Saudações flamengas a todos,
Esta semana vou pedir desculpas
aos que estão acompanhando a série especial sobre os 120 anos do Flamengo e
propor um desafio. O último episódio sobre os primórdios do remo, contando a
história do primeiro troféu, será publicado no próximo domingo.
Mas, como dizia, proponho essa
semana um jogo. Apresentarei quatro situações relativamente corriqueiras no
dia-a-dia de um clube de futebol. E hoje os dirigentes serão os amigos
leitores. Que poderão, nos comentários, propor soluções para os casos
apresentados. Na linha “hoje o cartola é você”.

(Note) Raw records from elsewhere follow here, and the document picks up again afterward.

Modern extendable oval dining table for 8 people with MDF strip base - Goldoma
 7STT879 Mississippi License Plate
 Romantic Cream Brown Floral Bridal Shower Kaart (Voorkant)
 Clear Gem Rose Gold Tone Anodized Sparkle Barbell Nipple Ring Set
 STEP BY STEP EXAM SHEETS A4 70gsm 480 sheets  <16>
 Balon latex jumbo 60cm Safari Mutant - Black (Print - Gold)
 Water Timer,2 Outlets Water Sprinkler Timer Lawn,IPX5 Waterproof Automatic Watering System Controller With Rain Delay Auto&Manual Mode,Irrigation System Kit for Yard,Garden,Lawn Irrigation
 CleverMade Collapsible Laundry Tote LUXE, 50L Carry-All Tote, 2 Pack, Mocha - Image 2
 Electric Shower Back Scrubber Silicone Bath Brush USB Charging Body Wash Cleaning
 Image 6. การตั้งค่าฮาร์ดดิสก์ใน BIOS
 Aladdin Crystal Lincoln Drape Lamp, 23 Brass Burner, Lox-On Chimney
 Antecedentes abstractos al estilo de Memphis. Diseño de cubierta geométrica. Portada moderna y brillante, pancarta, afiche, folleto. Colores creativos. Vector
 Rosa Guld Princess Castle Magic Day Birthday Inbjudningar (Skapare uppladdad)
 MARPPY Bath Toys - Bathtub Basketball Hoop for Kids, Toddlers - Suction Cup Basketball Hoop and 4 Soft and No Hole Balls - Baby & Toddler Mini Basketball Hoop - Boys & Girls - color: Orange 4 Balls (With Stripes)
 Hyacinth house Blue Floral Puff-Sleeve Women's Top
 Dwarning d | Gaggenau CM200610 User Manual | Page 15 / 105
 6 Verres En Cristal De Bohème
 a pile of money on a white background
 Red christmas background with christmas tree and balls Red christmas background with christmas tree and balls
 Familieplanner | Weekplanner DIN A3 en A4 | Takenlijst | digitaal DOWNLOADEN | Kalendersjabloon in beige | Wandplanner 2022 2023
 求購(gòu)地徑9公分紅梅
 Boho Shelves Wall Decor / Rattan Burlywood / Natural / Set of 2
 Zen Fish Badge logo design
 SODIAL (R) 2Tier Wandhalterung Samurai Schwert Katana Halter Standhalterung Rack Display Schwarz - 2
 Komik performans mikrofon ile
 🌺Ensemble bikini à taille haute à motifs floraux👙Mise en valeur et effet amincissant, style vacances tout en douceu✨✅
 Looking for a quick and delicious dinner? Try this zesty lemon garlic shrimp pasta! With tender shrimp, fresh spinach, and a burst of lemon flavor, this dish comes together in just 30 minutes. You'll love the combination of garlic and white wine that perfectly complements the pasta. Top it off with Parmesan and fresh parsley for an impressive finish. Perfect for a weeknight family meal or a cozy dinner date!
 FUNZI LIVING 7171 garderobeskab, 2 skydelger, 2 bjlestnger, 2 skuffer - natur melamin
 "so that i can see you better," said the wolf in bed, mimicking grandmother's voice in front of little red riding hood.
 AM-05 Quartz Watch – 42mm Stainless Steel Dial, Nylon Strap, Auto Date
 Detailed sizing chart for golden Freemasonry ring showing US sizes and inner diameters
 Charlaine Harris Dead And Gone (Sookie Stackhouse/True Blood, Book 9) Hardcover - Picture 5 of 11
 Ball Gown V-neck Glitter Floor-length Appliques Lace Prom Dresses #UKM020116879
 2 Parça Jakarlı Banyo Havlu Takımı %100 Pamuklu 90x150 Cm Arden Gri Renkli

Os casos são verídicos, ocorreram
em épocas distintas do Flamengo. Mas a idéia não é identificá-los, adivinhá-los,
mesmo que alguns pareçam claros aos mais atentos. Tanto que não serão revelados
aqui. A proposta é “brincar de dirigente”, discutir ações e medidas, tentando
ponderar possíveis efeitos positivos e negativos.
Por fim, seria interessante não
desvirtuar para mais um enjoativo viés eleitoral. Não há qualquer mensagem
subliminar nos casos, que foram escolhidos a esmo.
Boa diversão. Aproveitem.
* * *
CASO 1
Contratado para impor a
“linha-dura” e conduzir um trabalho de renovação no elenco, “doa a quem doer”,
“barre a quem barrar”, o treinador vem desenvolvendo uma trajetória atribulada.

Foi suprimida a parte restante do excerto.